`precomputed` Distance Compatibility for HDBSCAN

Question

`precomputed` Distance Compatibility for HDBSCAN

jjovalle99 opened this issue 2 months ago · comments

Hi there!

Recently, I've been experimenting with the UMAP + HDBSCAN workflow and noticed an opportunity to enhance its functionality related to distance metrics.

Proposal:

I propose to add compatibility for precomputed distances in HDBSCAN within BERTopic. This would allow users to use custom distance metrics, including the cosine similarity, which is not directly supported as a built-in metric in HDBSCAN.

Why This Matters:

Flexibility: This addition would provide users with the ability to use a broader range of distance metrics, tailoring the model more closely to their specific needs.
Semantic Understanding: Cosine similarity is particularly effective for understanding semantic relationships in text data. By enabling precomputed distances, users can leverage cosine similarity for better topic modeling outcomes.
Wider Application: This feature could broaden BERTopic's applicability across different domains where specific distance metrics are crucial for accurate modeling.

Implementation Insight:

I've already implemented (very quick) this feature locally and found that it integrates well with the existing pipeline. I'm confident that it could be a valuable addition to BERTopic without compromising performance or usability.
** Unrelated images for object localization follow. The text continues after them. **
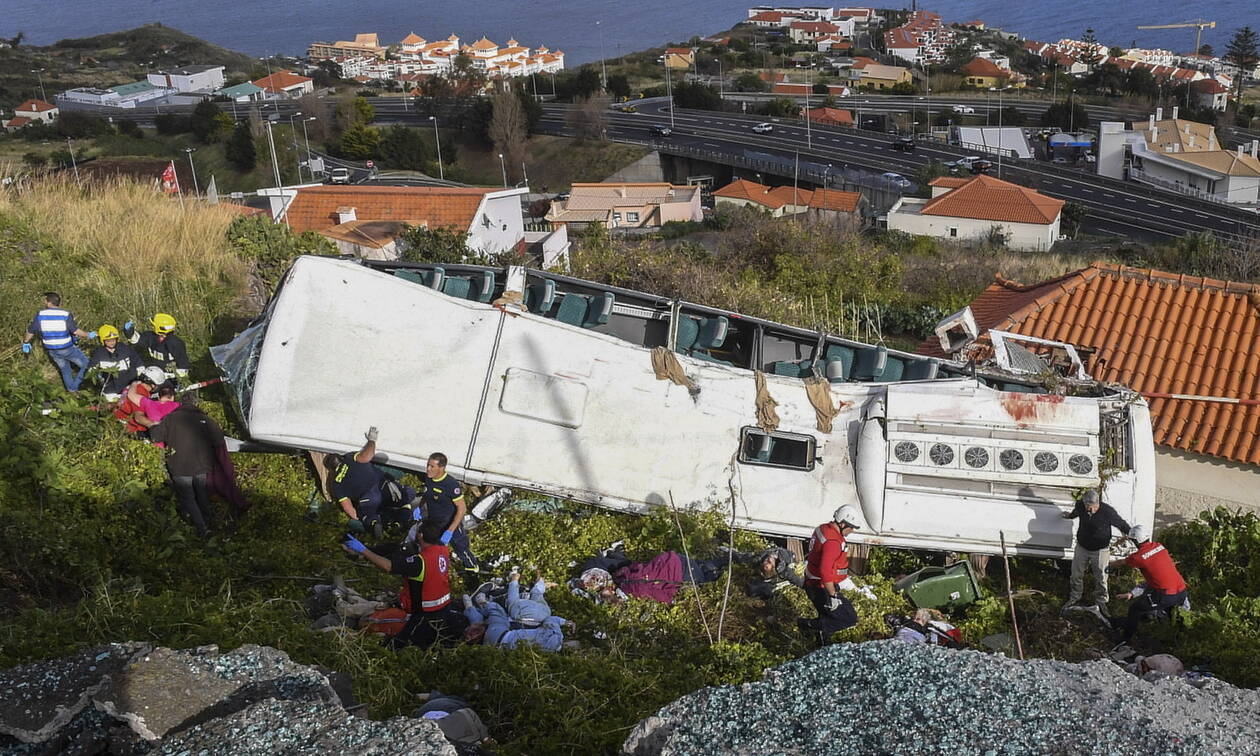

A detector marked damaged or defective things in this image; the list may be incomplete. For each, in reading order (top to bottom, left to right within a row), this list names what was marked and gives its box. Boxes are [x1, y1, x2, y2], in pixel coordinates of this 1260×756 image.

overturned white bus [214, 257, 1154, 556]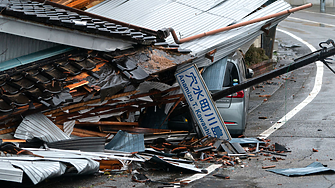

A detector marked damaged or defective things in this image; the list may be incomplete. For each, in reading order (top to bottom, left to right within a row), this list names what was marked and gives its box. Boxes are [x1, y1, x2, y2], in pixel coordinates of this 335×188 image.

damaged street sign [177, 64, 232, 140]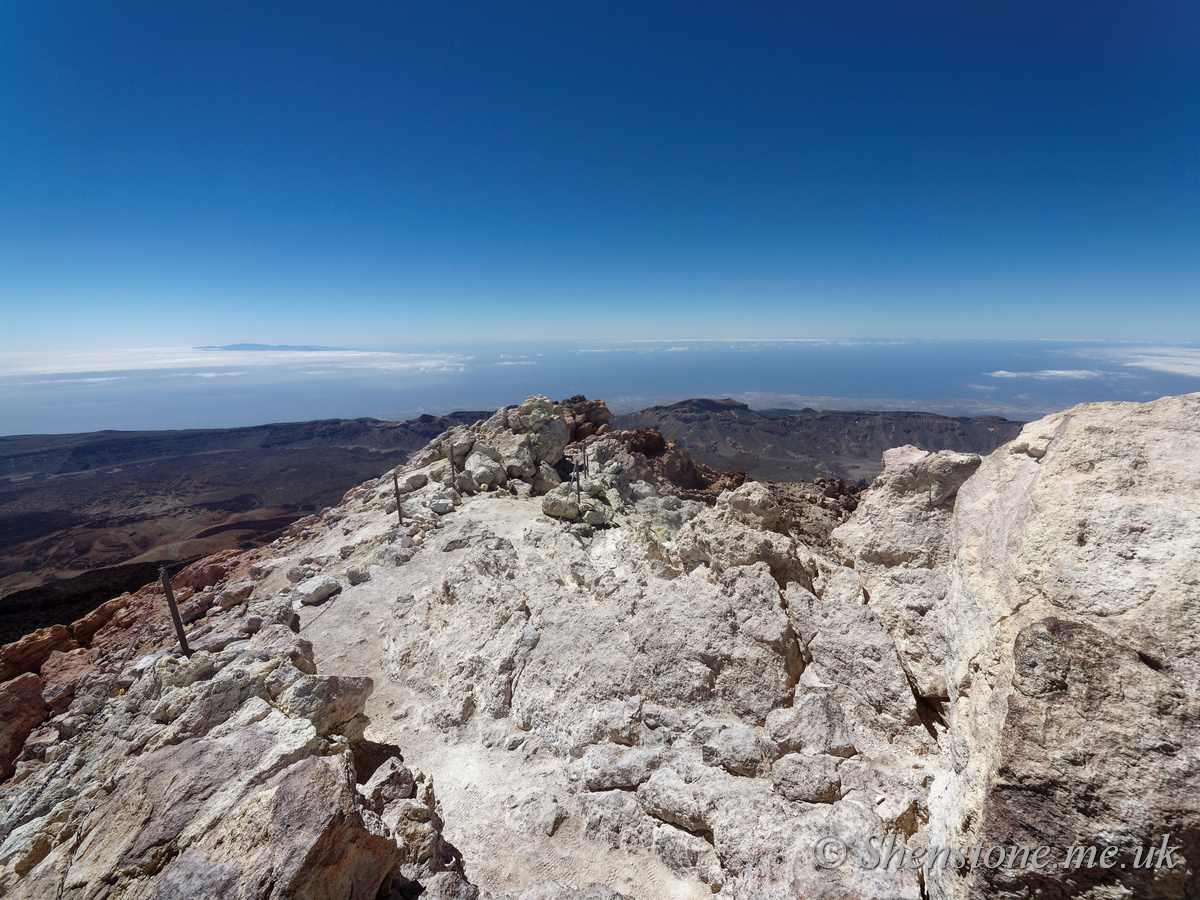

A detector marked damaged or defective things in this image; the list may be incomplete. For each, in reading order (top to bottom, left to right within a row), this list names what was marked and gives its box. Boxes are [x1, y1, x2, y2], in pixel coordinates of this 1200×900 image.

rusty metal stake [162, 566, 192, 657]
The following is an non-exhaustive way of implementing this, of course this will need more work to be fully incorporated, but is just a mock of it:

    def __init__(self,
                 language: str = "english",
                 top_n_words: int = 10,
                 n_gram_range: Tuple[int, int] = (1, 1),
                 min_topic_size: int = 10,
                 nr_topics: Union[int, str] = None,
                 low_memory: bool = False,
                 calculate_probabilities: bool = False,
                 seed_topic_list: List[List[str]] = None,
                 zeroshot_topic_list: List[str] = None,
                 zeroshot_min_similarity: float = .7,
                 embedding_model=None,
                 umap_model: UMAP = None,
                 hdbscan_model: hdbscan.HDBSCAN = None,
                 vectorizer_model: CountVectorizer = None,
                 ctfidf_model: TfidfTransformer = None,
                 representation_model: BaseRepresentation = None,
                 verbose: bool = False,
                 distance_matrix: np.ndarray = None, <--------------------
                 ):

        self.hdbscan_model = hdbscan_model or hdbscan.HDBSCAN(min_cluster_size=self.min_topic_size,
                                                              metric='euclidean',
                                                              cluster_selection_method='eom',
                                                              prediction_data=True)
        self.distance_matrix = distance_matrix   <--------------------

    def _cluster_embeddings(self,
                            umap_embeddings: np.ndarray,
                            documents: pd.DataFrame,
                            partial_fit: bool = False,
                            y: np.ndarray = None) -> Tuple[pd.DataFrame,
                                                           np.ndarray]:
        ...
        logger.info("Cluster - Start clustering the reduced embeddings")
        if partial_fit:
            self.hdbscan_model = self.hdbscan_model.partial_fit(umap_embeddings)
            labels = self.hdbscan_model.labels_
            documents['Topic'] = labels
            self.topics_ = labels
        elif self.hdbscan_model.get_params()["metric"] == "precomputed":  <--------------------
            logger.info("Cluster - Using a precomputed distance matrix (MUST BE OF THE REDUCED EMBEDDINGS)")
            self.hdbscan_model.fit(self.distance_matrix)
            labels = self.hdbscan_model.labels_
            documents['Topic'] = labels
            self._update_topic_size(documents)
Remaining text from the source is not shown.